Alternatively, you will just have to rearrange until she is happy to leave baby. Some parents seem to feel uncomfortable leaving their baby even if it is with their husband!

pregnantpeppa · 15/09/2009 15:13

This reply has been deleted

Message withdrawn at poster's request.

pooexplosions · 15/09/2009 15:28

I don't understand all this "surely she can do this...why doesn't she do that....of course she doesn't need to bring...."
It isn't a matter of what is possible, or what anyone else might do, or whatever. Its a simple case of the mother can do as she pleases for her and her baby, and if the friend doesn't like it she can say so and change plans. It doesn't matter what any of the rest of us might or might not do in the same situation, does it?
Nobody is being unreasonable in that situation, until you get to the point where people start commenting on her parenting and what her and her baby should and should not be doing, then those people are being vvv unreasonable.

(Hiss, curiosity!)

diddl · 15/09/2009 15:33

Well if she can´t leave baby yet, why didn´t she just say so at the time that evenings out were being discussed.

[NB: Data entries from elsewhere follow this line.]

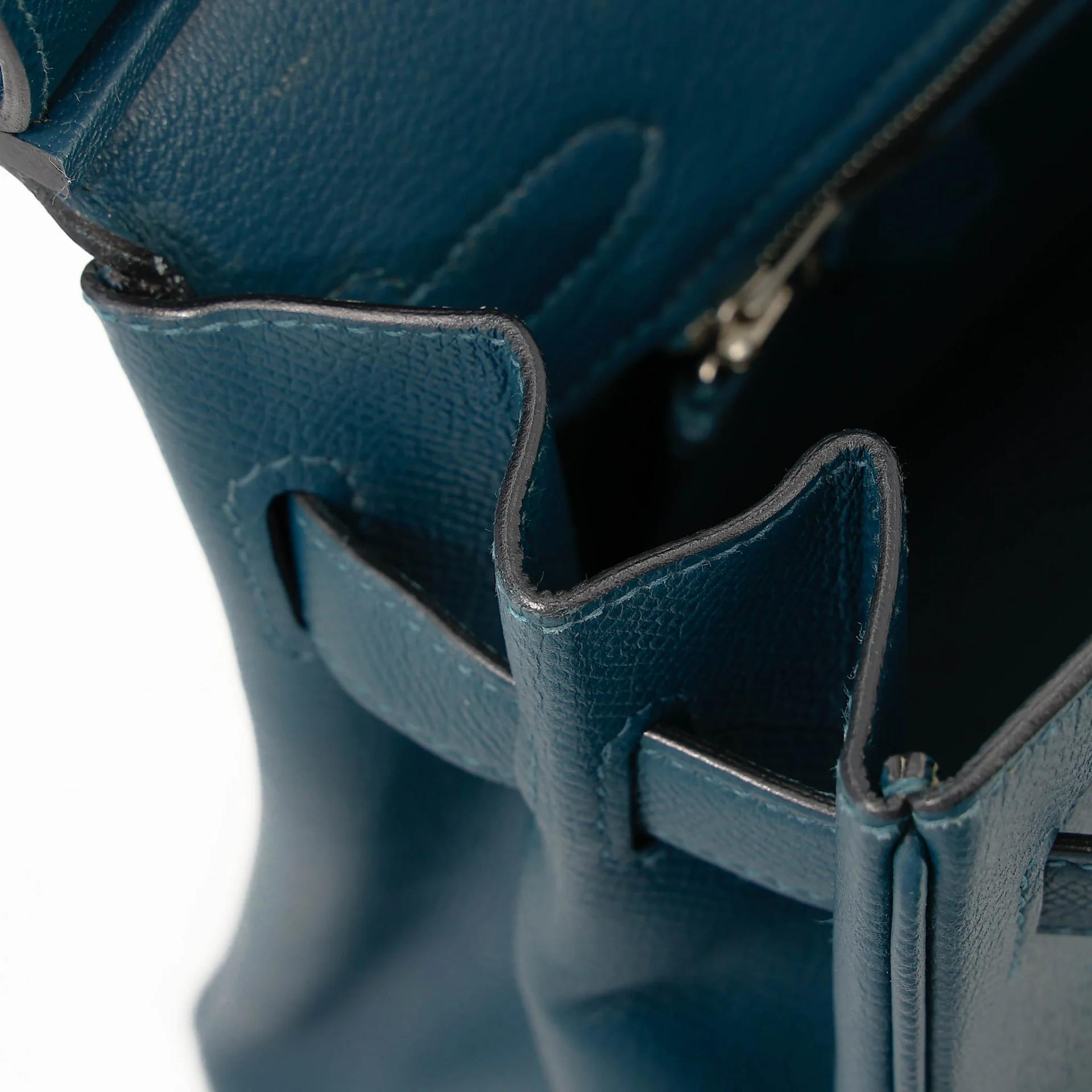 Very Good ( Rank A) HERMÈS Birkin 30 Colvert (1P) Epsom Palladium hardware T (2015) - 31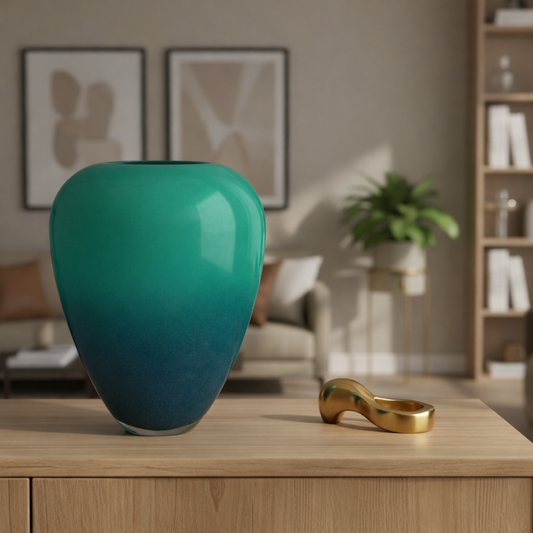 Teal vase on a wooden surface with a blurred living room background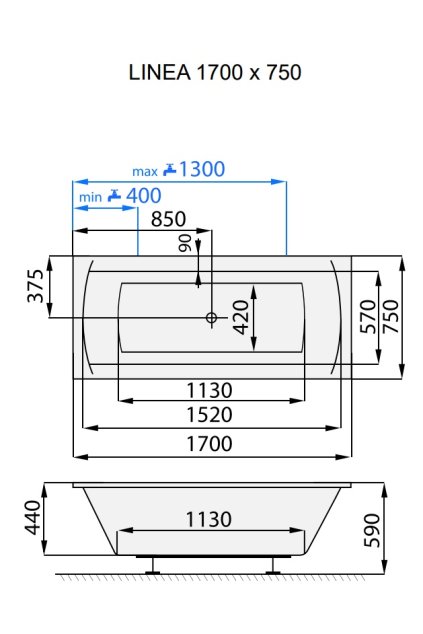 Santech hydromasážní vana LINEA Body 200, 170 x 75 cm, automatický dohřev vody zdarma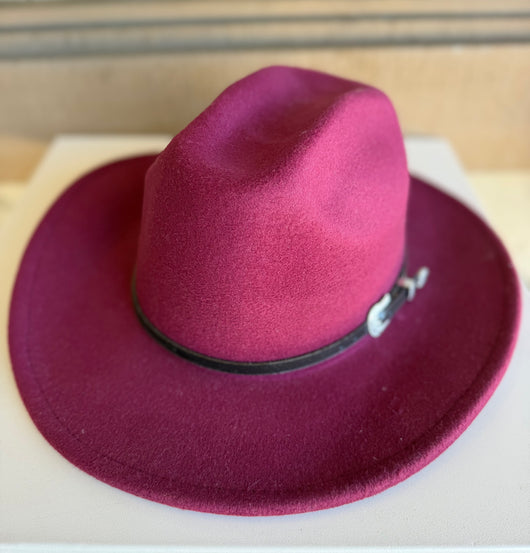Burgundy Fedora Hat w/Brown Buckle Band & Adjustable Fit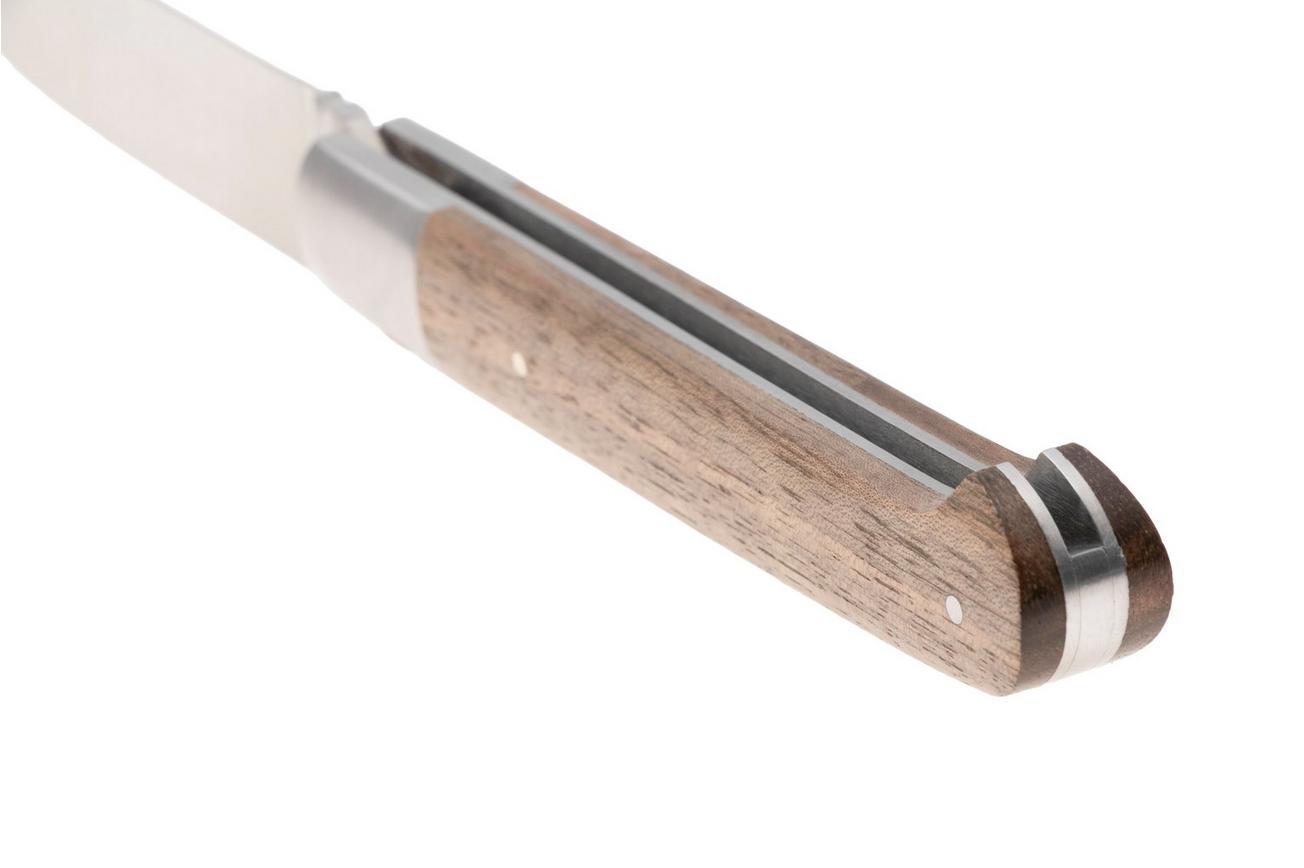 Laguiole en Aubrac Sauveterre Walnut, Matt Stainless Bolster, zakmes, 11 cm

Can´t help thinking her hubby doesn´t want to look after baby, and she will be expected to get the other two settled in bed before she goes out.

curiositykilled · 15/09/2009 15:35

hiss

I think I love you and your name... you are so right. Nothing to do with anything what anyone thinks anyone else should or shouldn't do.

curiositykilled · 15/09/2009 15:36

lol... I am becoming illiterate again, time for a sleep.